The monitoring team highly commended the work of the Business Ombudsman Council, an advisory body to the Cabinet of Ministers of Ukraine that reviews complaints from business entities regarding the actions or inaction of state authorities and helps settle disputes at the pre-trial stage. Experts praised the Council’s transparent reporting and the adequacy of its powers to protect entrepreneurs.
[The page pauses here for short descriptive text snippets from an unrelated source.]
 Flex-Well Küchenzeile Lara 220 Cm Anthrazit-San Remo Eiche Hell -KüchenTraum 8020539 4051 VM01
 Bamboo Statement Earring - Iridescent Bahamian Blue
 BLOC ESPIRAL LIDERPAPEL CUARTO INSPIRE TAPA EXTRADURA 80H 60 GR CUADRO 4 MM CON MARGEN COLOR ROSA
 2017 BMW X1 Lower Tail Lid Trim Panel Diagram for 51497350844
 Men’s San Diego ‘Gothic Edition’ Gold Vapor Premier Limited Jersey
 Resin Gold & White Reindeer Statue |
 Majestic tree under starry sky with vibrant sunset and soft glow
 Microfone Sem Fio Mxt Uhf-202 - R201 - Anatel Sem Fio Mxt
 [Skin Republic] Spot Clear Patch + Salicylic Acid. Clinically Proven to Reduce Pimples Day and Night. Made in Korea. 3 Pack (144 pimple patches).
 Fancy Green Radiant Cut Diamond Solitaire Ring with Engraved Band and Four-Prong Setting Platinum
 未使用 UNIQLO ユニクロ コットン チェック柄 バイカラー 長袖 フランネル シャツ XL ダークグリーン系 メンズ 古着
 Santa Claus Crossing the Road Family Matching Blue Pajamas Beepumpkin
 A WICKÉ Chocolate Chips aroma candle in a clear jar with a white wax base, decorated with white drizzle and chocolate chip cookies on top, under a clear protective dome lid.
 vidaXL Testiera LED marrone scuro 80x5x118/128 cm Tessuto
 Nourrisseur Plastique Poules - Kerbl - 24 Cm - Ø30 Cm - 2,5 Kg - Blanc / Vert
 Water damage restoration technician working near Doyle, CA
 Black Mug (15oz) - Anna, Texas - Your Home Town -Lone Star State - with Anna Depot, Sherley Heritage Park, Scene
Ukraine also became one of the first countries in the world to introduce public disclosure of information on ultimate beneficial owners (UBOs) of companies, making such data publicly available in the Unified State Register of Legal Entities, Individual Entrepreneurs, and Public Associations. The report states that Ukrainian legislation complies with international standards — it defines the concept of a beneficial owner; establishes the obligation for companies to submit up-to-date information on their UBOs to state authorities; requires disclosure of a broad range of UBO-related data; and ensures free public access to this information through a centralized online register. At the same time, the OECD recommends improving mechanisms for verifying submitted data.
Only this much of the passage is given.